Le lit du Couesnon n’a pas toujours été fixé comme aujourd’hui. La baie s’échancrait jadis plus profondément vers l’intérieur des terres et la rivière divaguait à travers les grèves dont une tempête suffisait à modifier les fonds. C’est ainsi que le large ruban argenté qui, à marée basse, marque la dernière partie de son cours au milieu des sables mouvants, passait tantôt d’un côté du mont, tantôt de l’autre, ce qui permettait à chacune des deux provinces de le revendiquer tour à tour.

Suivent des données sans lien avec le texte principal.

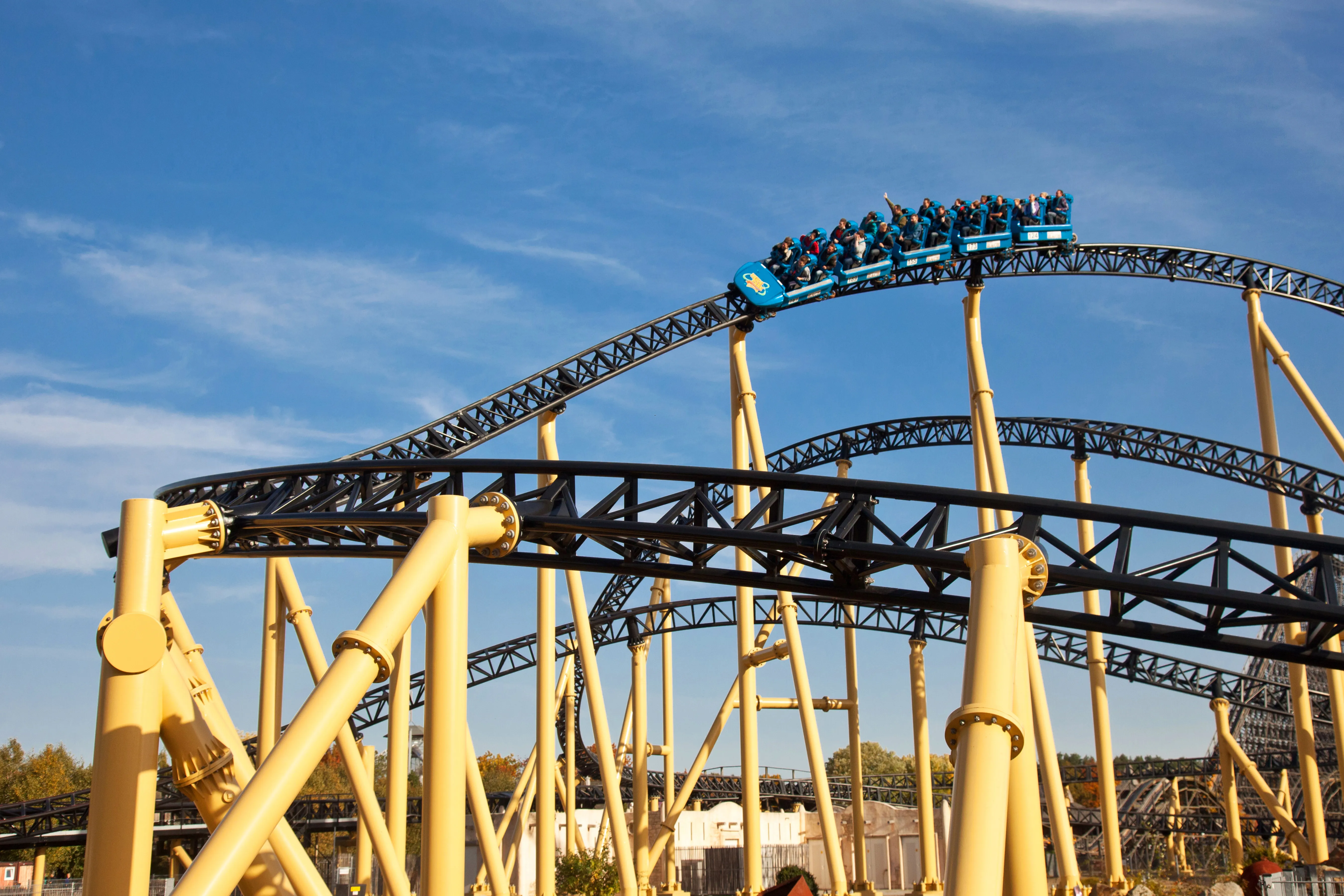 Heide Park Resort: Desert Race
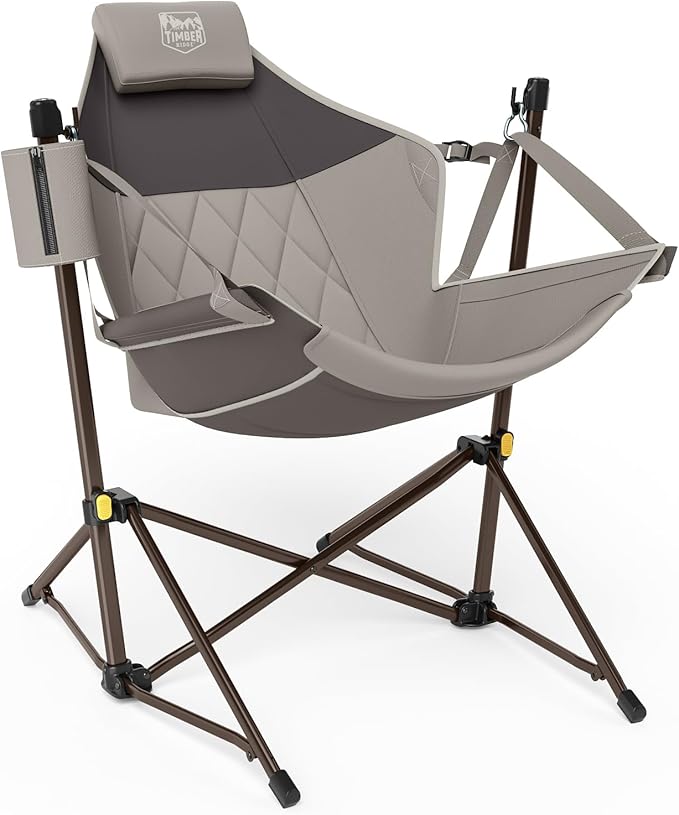 TIMBER RIDGE Hammock Camping Chair by TIMBERRIDGE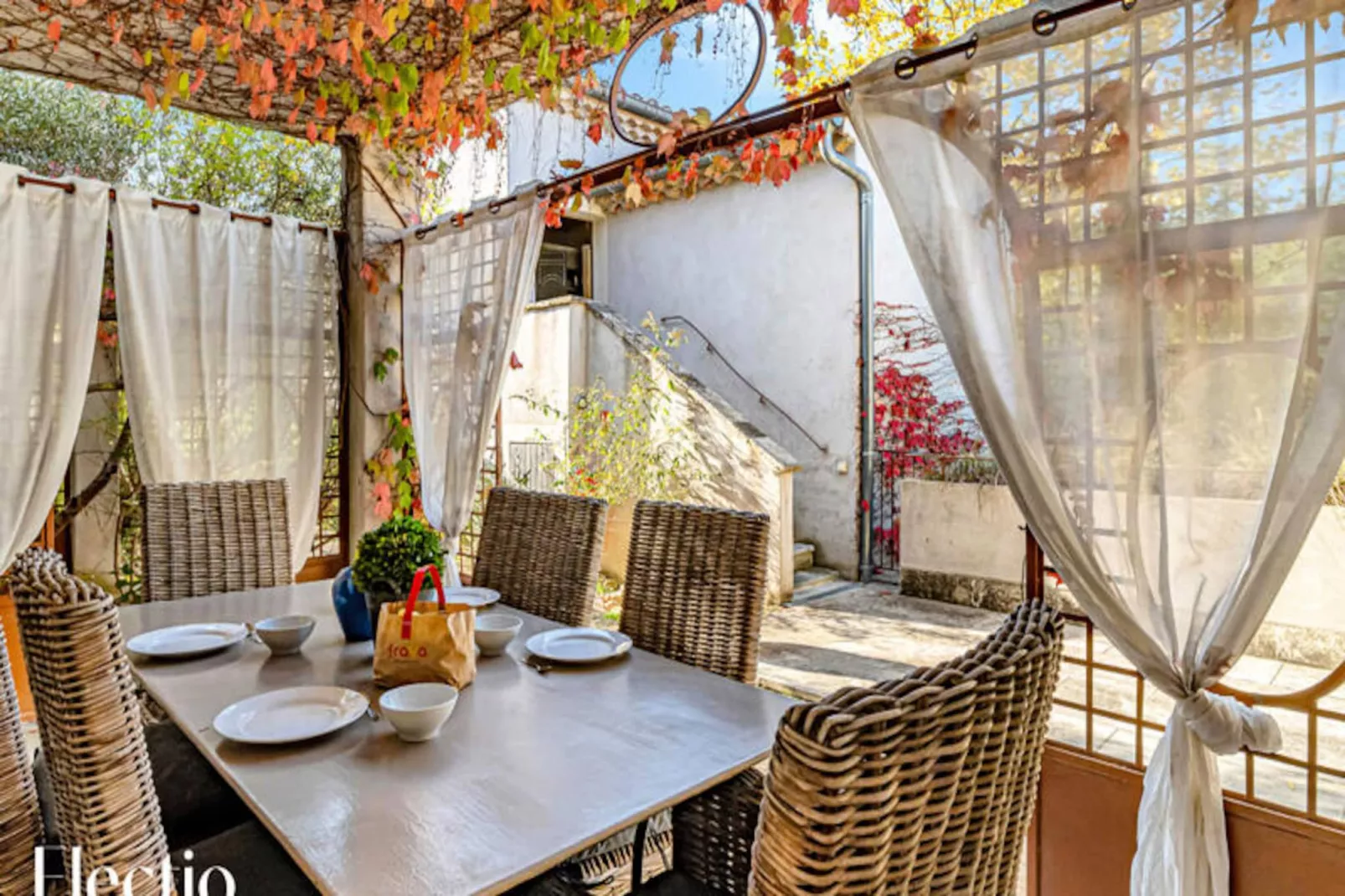 Loggia 2 Glycine | R&eacute;sidence Les Petitons-Nicht zugeordnet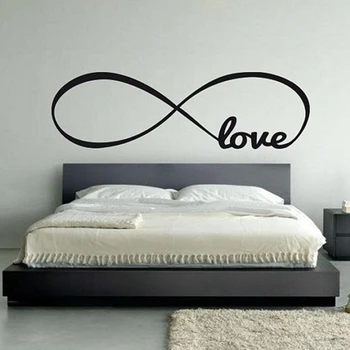 Bedroom Wall Decals, Love Wall Stickers Bedroom Decor - Infinity Symbol Word Love bedroom vinyl wall art
Bedroom Wall Decals, Love Wall Stickers Bedroom Decor - Infinity Symbol Word Love bedroom vinyl wall art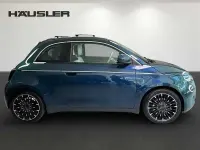 Gebraucht Fiat 500e La Prima 86 kW (118 PS) 2023 Ozean grün Cabrio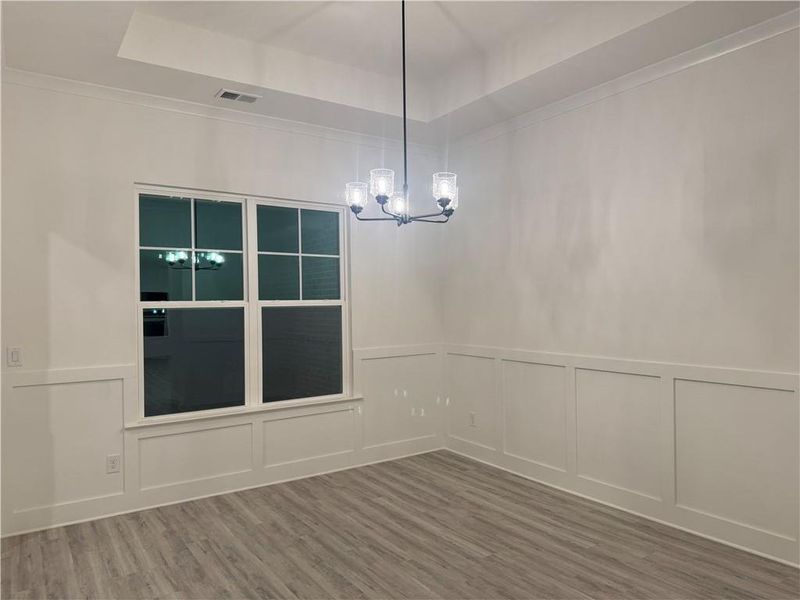 Spacious, unfurnished interior of a new home in The Fields of Walnut Creek, Pendergrass (Image 17).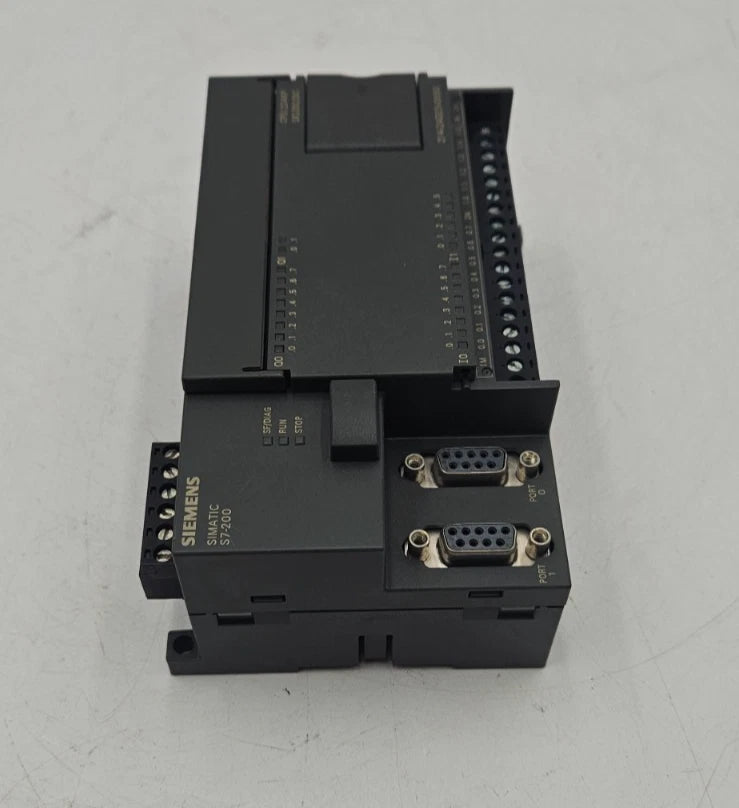 SIEMENS 6ES7 214-2AD23-0XB0 CPU 224 Compact Controller SIMATIC S7-200 MICRO PLC Used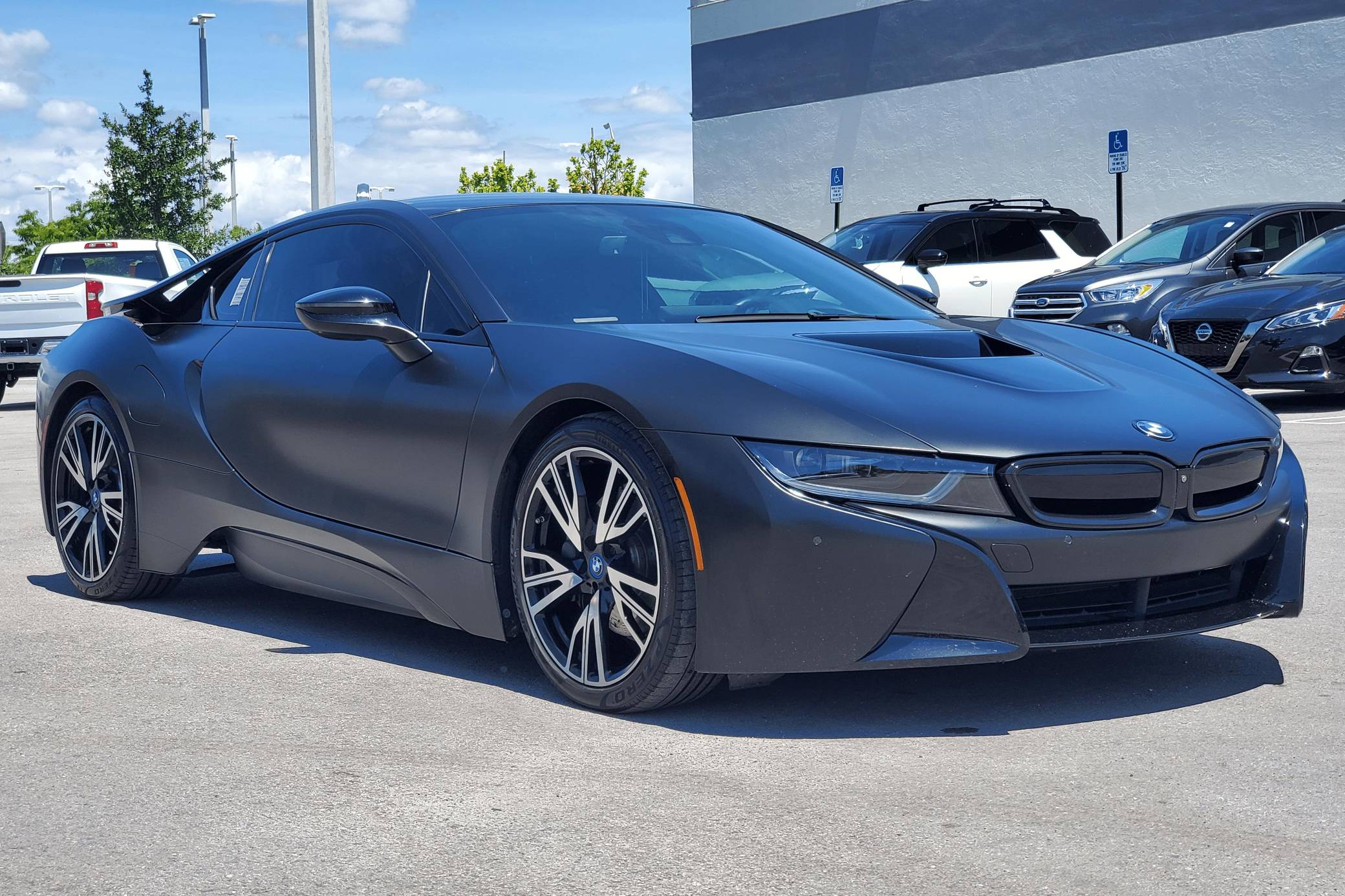 2016 BMW i8 for Sale - Cars & Bids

Rivalité qu’exprime bien ce distique dont le dépit indique l’origine bretonne :

« Le Couesnon, dans sa folie,
 a mis le Mont en Normandie »


Cette baie semble s’être formée à une époque relativement peu lointaine par un brusque envahissement de la mer. Suivant la tradition locale, elle occuperait l’emplacement de l’ancienne forêt de Scissy ou de Quokelunde qu’un raz de marée aurait submergée en l’an 709.
La baie du Mont Saint-Michel doit son caractère très spécial à ce qu’elle est, en quelque sorte, restée un territoire indivis entre la Manche et le Continent, l’objet d’une contestation séculaire entre les deux éléments.
Deux fois par 24 heures le flux couvre et le reflux découvre avec une étonnante rapidité cette étendue de 300 kilomètres carrés. Nulle part sur nos rivages, le flot ne monte ni ne descend à une pareille allure : le phénomène est dû à l’amplitude des marées de la Manche qui atteignent dans ces parages jusqu’à 15 mètres d’élévation verticale au dessus du niveau des basses mers et ne trouvent ici devant elles aucun obstacle, aucun relief sensible.
L’immense étendue de la baie semblerait désespérément vide si le Mont Saint-Michel, ce rocher miraculeux, ne surgissait au beau milieu des grèves.
 
Notre Moyen âge lui a donné son nom, sa forme et son aspect définitif. Militaire à la base dans la cuirasse de pierre de ses remparts ; bourgeois et marchand au dessus dans le pittoresque dédale de sa petite ville ; religieux plus haut dans l’entassement prodigieux de ses constructions abbatiales ; mystique au sommet dans l’élan de son église et de sa flèche, tel apparait le Mont, comme la synthèse même de la civilisation médiévale. Sur ce rocher isolé, toute une époque semble avoir voulu s’exprimer, se résumer, dans son histoire, son art et sa foi, comme si tout l’Occident chrétien, menacé de périr, avait eu dessein de laisser ce témoin, dressé au-dessus du triple abîme des flots, des sables mouvants et de l’oubli.

C’est dans ce sens que le Mont Saint-Michel mérite bien d’être nommé la « Merveille de l’Occident ».